Кинесика – наука, изучающая жесты, мимику, позы и знаковые телодвижения - в последнее время привлекает к себе все большее внимание. И если на начальном этапе интереса к ней исследования носили в основном описательный, дискретный характер, то в последнее время они более разнообразны, глубоки и системны [см., напр., Крейдлин Г.Е. 2000]. Но собственно психолингвистическому подходу в кинесике посвящено немного работ (книги И.Н. Горелова и некоторые другие работы).
Представляется, что некоторые сущностные свойства жестов заслуживают более пристального внимания психолингвистов: образность жеста, его «телесность» облегчают перекодирование передаваемой им информации в коды мыслительных операций, которые тоже имеют невербальный характер, в связи с чем с помощью жеста информация передается очень экономно с точки зрения сохранения энергии и из-за нелинейного характера передачи часто опережает по скорости речь (по К. Леонгарду – эмоциональная моторика манифестируется раньше речевой; цит. по: Горелов 1980, 61); жест является свернутой схемой действия и связан с «памятью тела», в жесте представлено то, что составляет базу сознания, «бытийный слой» языка – движение и его чувственный образ (по Леонтьеву, Зинченко).

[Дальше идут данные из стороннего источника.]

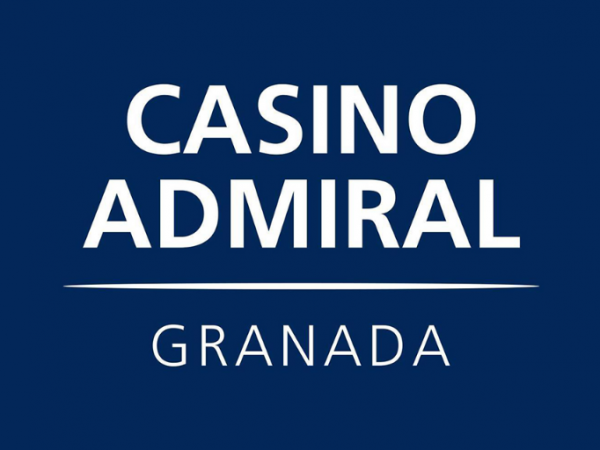 Casino Admiral Granada reabre sus puertas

Современный ситуационный (событийный) подход, квинтэссенцией которого можно считать известные высказывания Н.И Жинкина «Понимать надо не речь, а действительность» [Жинкин 1982, 92] и «Человек слышит слова, состоящие из звуков: `Вон бежит собака, а думает при этом совсем не о звуках и словах, а о собаке, и смотрит – где она бежит» [Op. сit., 18], подчеркивающие особую роль образа, этого «перехода через чувственность за границы чувственности» [Леонтьев 1979, 6] – все указывает на то, что модели речемыслительной деятельности должны включать механизмы, интегрирующие информацию от всех сенсорных систем, в том числе от зрительной, через которую поступает до 90% информации.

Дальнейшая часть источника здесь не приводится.